Wuku adalah perlambang dari sifat-sifat manusia yang dilahirkan pada hari-hari tertentu seperti layaknya horoskop atau perbintangan yang kita kenal. Adapun maksud dan tujuan diciptakan wuku oleh para leluhur Jawa, adalah untuk mengetahui karakter manusia  pada sisi kebaikkan dan keburukkannya, saat-saat sialnya, dan doa penangkal dan  keselamatannya.
Adapun sejarah asal-usulnya wuku yang berjumlah 30 macam sebagai berikut :
Di ceritakan ada dua putri bersaudara yang bernama dewi Shinta dan dewi Landep, dua-duanya diperistri oleh seorang pandita yang bernama Resi Gana., Resi Gana ini adalah putra dari Bethara Temburu dalam ceritanya dalam memperistri dua putri tersebut, Resi Gana belum mendapatkan putra dan cintanya dikarenakan usianya yang sudah tua serta buruk rupa, pada suatu malam karena cinta kasihnya pada salah satu istrinya ( Dewi shinta ) sang Resi mendapatkan kekecewaan karena perilaku sang Dewi Shinta tersebut.

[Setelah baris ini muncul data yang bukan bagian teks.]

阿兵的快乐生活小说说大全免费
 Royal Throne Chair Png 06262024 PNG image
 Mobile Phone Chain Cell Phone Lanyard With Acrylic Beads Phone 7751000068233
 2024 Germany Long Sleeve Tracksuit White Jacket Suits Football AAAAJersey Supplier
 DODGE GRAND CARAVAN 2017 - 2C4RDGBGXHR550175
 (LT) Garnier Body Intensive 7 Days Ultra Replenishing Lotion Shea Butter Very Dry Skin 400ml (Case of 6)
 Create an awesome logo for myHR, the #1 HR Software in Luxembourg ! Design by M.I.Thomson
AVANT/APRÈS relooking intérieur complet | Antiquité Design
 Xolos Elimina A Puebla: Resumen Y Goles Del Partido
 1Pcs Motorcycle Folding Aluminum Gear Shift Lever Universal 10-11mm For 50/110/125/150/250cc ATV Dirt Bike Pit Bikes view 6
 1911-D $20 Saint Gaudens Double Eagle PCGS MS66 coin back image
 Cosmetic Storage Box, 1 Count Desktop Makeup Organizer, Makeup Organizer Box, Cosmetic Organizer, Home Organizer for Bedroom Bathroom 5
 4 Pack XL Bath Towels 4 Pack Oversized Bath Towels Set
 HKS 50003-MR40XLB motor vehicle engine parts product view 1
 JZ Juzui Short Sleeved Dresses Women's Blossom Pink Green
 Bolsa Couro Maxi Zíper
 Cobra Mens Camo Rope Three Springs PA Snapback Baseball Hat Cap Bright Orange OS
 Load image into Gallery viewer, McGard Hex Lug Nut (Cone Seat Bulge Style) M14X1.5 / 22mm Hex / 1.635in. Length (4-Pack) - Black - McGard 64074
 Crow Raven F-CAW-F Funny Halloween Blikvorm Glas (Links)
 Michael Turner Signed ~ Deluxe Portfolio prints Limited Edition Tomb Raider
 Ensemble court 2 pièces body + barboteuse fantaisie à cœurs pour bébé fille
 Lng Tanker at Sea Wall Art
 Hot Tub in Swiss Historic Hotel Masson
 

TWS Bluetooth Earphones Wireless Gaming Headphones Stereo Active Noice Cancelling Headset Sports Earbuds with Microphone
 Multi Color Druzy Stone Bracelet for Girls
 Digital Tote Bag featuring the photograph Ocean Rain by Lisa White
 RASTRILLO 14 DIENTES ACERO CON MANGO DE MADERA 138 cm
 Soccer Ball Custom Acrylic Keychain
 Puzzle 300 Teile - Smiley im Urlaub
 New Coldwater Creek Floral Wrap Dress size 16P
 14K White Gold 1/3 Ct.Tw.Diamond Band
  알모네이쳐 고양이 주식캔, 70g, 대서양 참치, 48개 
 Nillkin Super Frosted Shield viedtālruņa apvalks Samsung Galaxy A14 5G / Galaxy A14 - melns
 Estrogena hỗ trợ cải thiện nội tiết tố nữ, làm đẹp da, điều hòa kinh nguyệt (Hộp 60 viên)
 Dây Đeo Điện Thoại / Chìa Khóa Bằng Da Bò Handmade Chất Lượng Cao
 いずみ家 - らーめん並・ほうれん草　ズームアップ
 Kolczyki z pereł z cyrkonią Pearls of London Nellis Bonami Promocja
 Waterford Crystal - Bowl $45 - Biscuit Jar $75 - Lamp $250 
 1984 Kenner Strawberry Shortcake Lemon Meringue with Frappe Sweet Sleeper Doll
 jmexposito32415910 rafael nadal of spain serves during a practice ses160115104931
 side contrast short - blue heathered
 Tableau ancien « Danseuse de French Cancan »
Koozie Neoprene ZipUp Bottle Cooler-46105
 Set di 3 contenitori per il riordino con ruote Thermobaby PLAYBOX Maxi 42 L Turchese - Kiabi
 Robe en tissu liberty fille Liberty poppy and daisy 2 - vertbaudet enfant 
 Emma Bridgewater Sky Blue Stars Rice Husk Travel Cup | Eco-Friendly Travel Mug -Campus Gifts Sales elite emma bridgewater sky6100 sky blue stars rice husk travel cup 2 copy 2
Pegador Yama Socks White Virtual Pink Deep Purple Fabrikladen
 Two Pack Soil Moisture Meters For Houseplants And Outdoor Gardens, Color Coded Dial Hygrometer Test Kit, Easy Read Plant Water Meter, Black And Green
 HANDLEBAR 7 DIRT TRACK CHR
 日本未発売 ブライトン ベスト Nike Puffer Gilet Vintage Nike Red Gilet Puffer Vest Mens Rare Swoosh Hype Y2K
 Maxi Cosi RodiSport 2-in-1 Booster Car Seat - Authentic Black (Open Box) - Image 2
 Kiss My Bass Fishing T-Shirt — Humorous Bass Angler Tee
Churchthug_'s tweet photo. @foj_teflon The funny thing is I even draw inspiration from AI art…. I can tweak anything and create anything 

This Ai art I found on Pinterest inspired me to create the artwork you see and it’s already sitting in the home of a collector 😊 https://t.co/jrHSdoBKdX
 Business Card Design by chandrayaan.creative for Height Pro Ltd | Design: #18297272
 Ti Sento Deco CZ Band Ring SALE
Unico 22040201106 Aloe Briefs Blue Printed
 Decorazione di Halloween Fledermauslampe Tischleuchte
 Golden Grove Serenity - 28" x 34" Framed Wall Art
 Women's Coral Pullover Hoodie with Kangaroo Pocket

Sehingga menyebabkan sang Resi menjadi muksa ( menghilang secara gaib ). Pada saat itu sang Resi sempat mengucap / bersabda kepada Dewi Shinta “ Pada suatu kelak nanti wiji yang tertanam dalam rahimnya akan menghasilkan anak laki-laki agar diberi nama “Raden Watu Gunung “.
Singkat cerita Dewi Shinta akhirnya hamil dan mendapatkan seorang anak laki-laki yang diberi nama seprti sabda tersebut, sang bayi menjelang akhir dewasa nafsu makannya luar biasa / tidak lumrah seperti bayi-bayi yang lain, hingga pada sutau saat ketika Dewi Shinta menanak nasi Raden Watu Gunung mengis sesengguhan, saking kesalnya Dewi Shinta memukul dengan entong ( sendok nasi ) kemudian Watu Gunung kecewa sekali lalu pergi tanpa pamit.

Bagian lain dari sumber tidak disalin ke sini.